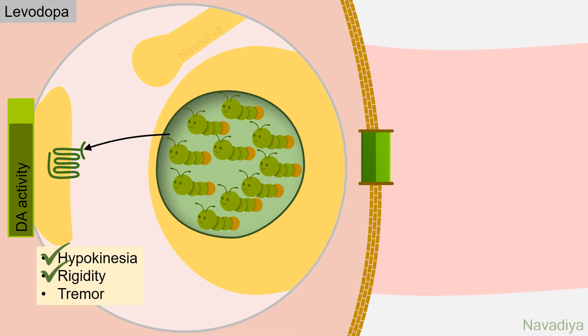Hypokinesia and rigidity show good response to levodopa. However, tremors do not respond much. This is how levodopa provides benefit in patients of Parkinson's disease.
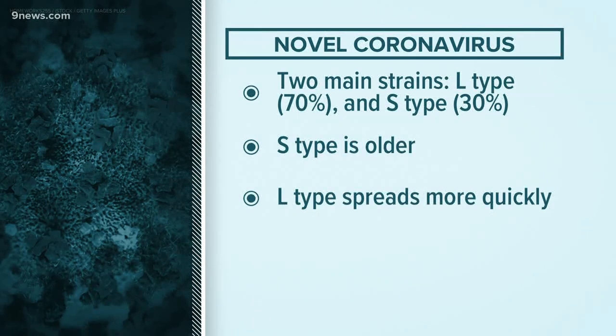That's why the L strain is also more common. We're still trying to figure out why it is that some people are completely without symptoms and some people are ending up in the ICU or dying from this disease. Is it the strain of the virus? Is it the dose of the virus? Is it the body's response, or all of the above? We're not clear on that part yet.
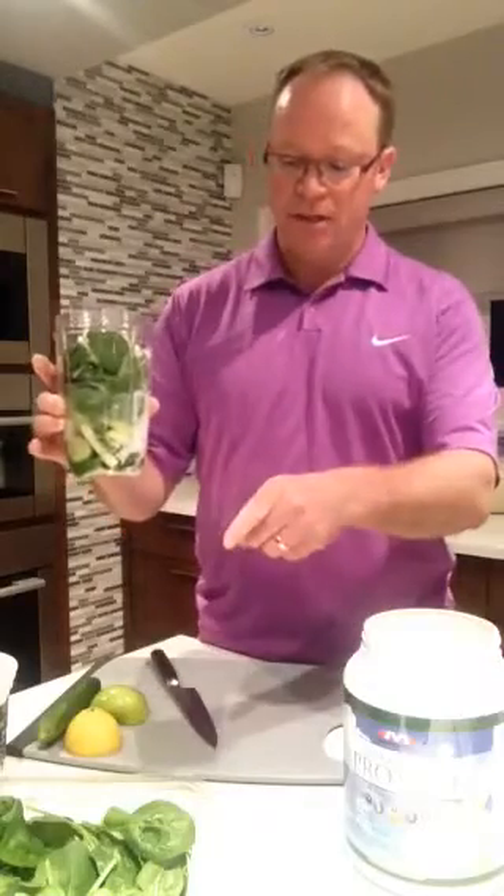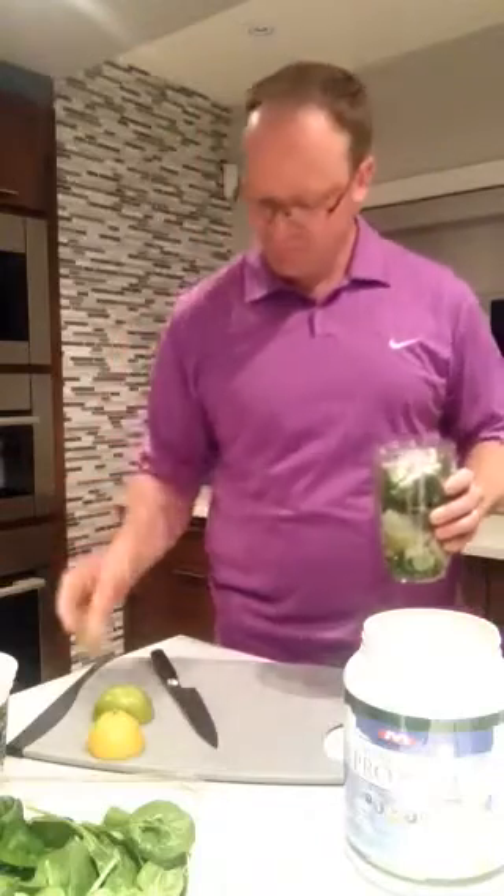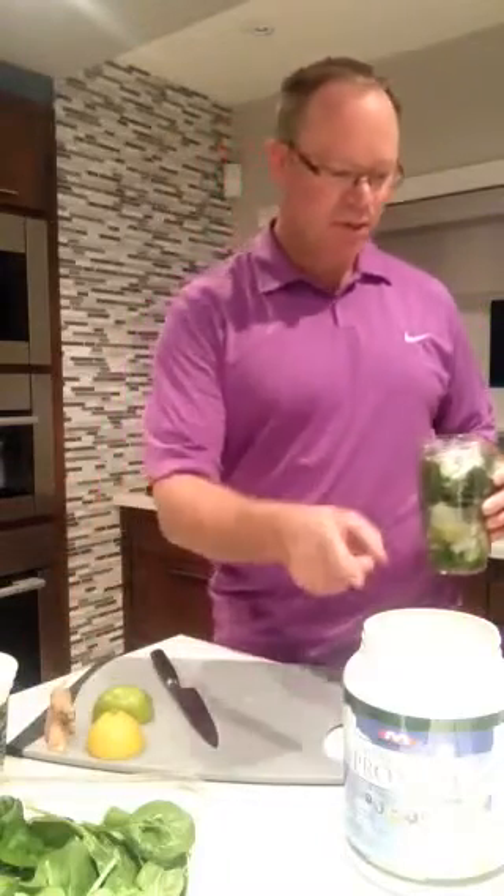Good morning! Happy Thanksgiving. Today I'm making a protein, more vegetable kind of smoothie. It starts with spinach, lemon, apple, cucumber, a little bit of ginger, protein powder, yogurt, and some coconut water or coconut milk.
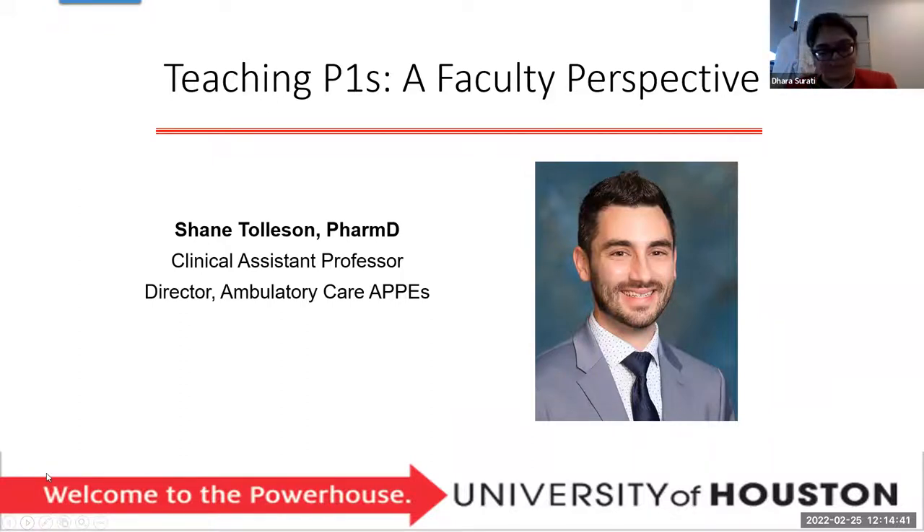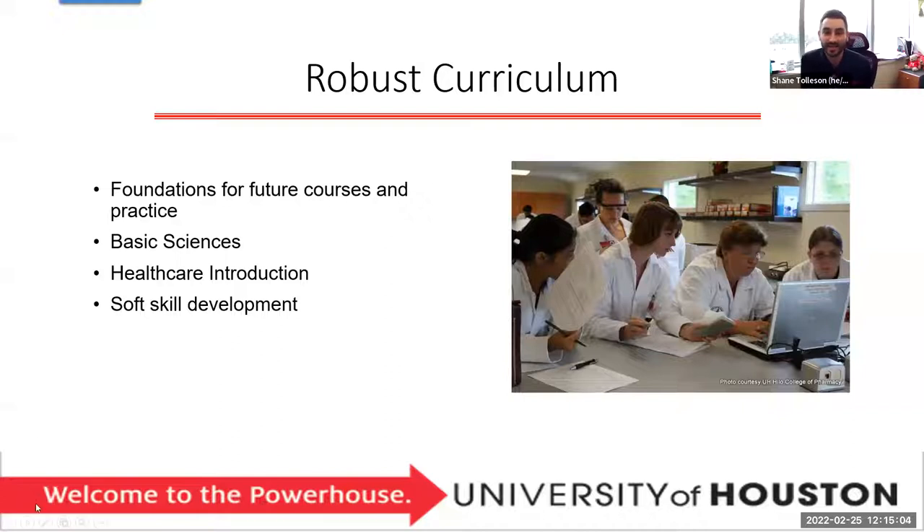Hi, good afternoon, everyone. I'm Dr. Tolleson. You'll see me mostly during your P3 and P4 year, but I teach a couple of lectures during the P1 year. We start you with a very robust curriculum from day one — actively learning and preparing to be a pharmacist. We're trying to set you up with foundations for future courses and your practice once you get out there working, or even during your IPPEs in the summer after your P1 year. That includes your basic sciences, understanding the chemistry behind everything, introduction to healthcare, and how the system works. We're also working a lot on your soft skill development — people skills, being able to take care of your patients in the best way possible.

- [Exercise] I'd like the data above duplicated exactly, with no pictures included.

- [Response below]
Hypokinesia and rigidity show good response to levodopa. However, tremors do not respond much. This is how levodopa provides benefit in patients of Parkinson's disease.
That's why the L strain is also more common. We're still trying to figure out why it is that some people are completely without symptoms and some people are ending up in the ICU or dying from this disease. Is it the strain of the virus? Is it the dose of the virus? Is it the body's response, or all of the above? We're not clear on that part yet.
Good morning! Happy Thanksgiving. Today I'm making a protein, more vegetable kind of smoothie. It starts with spinach, lemon, apple, cucumber, a little bit of ginger, protein powder, yogurt, and some coconut water or coconut milk.
Hi, good afternoon, everyone. I'm Dr. Tolleson. You'll see me mostly during your P3 and P4 year, but I teach a couple of lectures during the P1 year. We start you with a very robust curriculum from day one — actively learning and preparing to be a pharmacist. We're trying to set you up with foundations for future courses and your practice once you get out there working, or even during your IPPEs in the summer after your P1 year. That includes your basic sciences, understanding the chemistry behind everything, introduction to healthcare, and how the system works. We're also working a lot on your soft skill development — people skills, being able to take care of your patients in the best way possible.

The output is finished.